INSTRUCTIONS FOR THE TASK = Restate all the data exactly, so that each line is the same as before.

RECORDED DATA =
───

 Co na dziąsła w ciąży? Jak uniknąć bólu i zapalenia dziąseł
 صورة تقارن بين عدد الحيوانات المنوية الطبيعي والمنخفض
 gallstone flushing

───

TASK RESPONSE =
 Co na dziąsła w ciąży? Jak uniknąć bólu i zapalenia dziąseł
 صورة تقارن بين عدد الحيوانات المنوية الطبيعي والمنخفض
 gallstone flushing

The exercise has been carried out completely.